At the end of the day and the end of the book, we’ve still got health issues whether or not we relieve moms of this enormous weight of caregiving. So, instead of home-cooked family meals, what should we be focusing on?
Sarah Bowen: Research suggests that overall American diets have gotten healthier over the last 20 years—there’s been a decrease in sugar-sweetened beverages and an increase in whole grains. Consumption of fruits has increased—for rich people, not for poor people. Talking about health means we have to deal with inequality, because people share similar views about what healthy food looks like. Where it looks different is in what makes it harder for them to enact those ideals.
Joslyn Brenton: We need systemic change. We have to make food a human right. We need to make sure people have access to help; WIC, food stamps—the problem is we don’t fund them enough, and they’re not designed to make sure food-insecure people get the food they need. What if a doctor could prescribe food vouchers? We also need a living wage; this is hard for people to understand, but money for stable housing means people can cook and have enough money to cook.

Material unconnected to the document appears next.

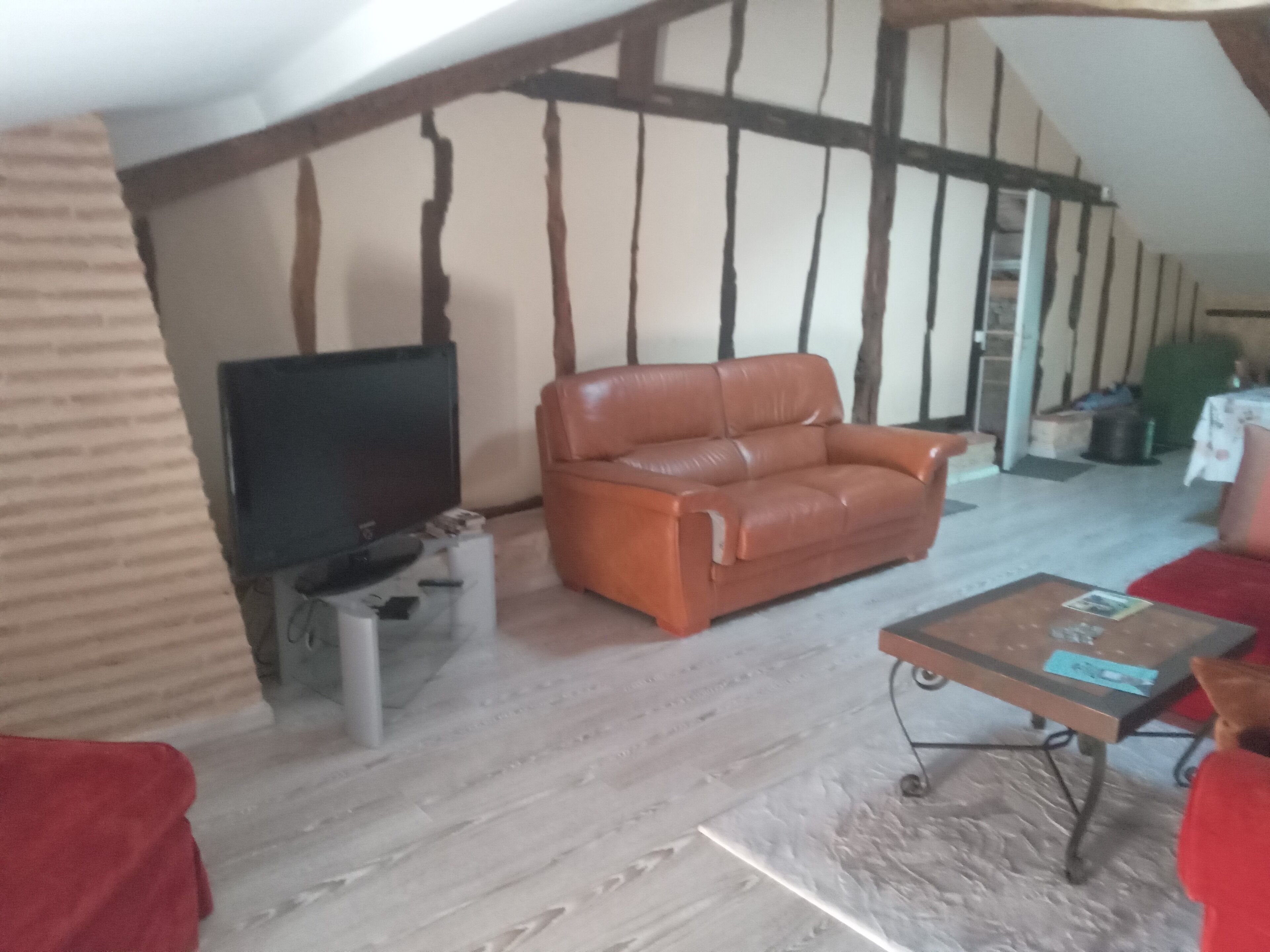 Una sala de estar acogedora con un sofá de cuero, un televisor de pantalla plana y una mesita de centro.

Another thing resonated with me after this research that I think can work well for middle class mothers: stop caring so much. Resist the messages you’re getting that say you’re not doing enough. It’s okay to give your kid a frozen pizza on Wednesday. I’m not saying that’s the answer for all middle-class mothers, because the idea of “good” mothering being contingent upon feeding “good” meals is deep. But part of the thing we can control is saying no to some of these messages; low-income moms have figured this out from necessity.
Who do you hope will read this book?
Sinikka Elliott: I really want women especially to read it. It’s an ode to what women are doing in individual kitchens and in their lives, and it’s also a call to arms: Let’s make some noise in the streets, let’s think about collective solutions, let’s resist these foodie edicts that are coming from really privileged places that are putting a lot of pressure on us. I would love it if it stirred up some sort of collective anger.
These interviews have been edited for length and clarity.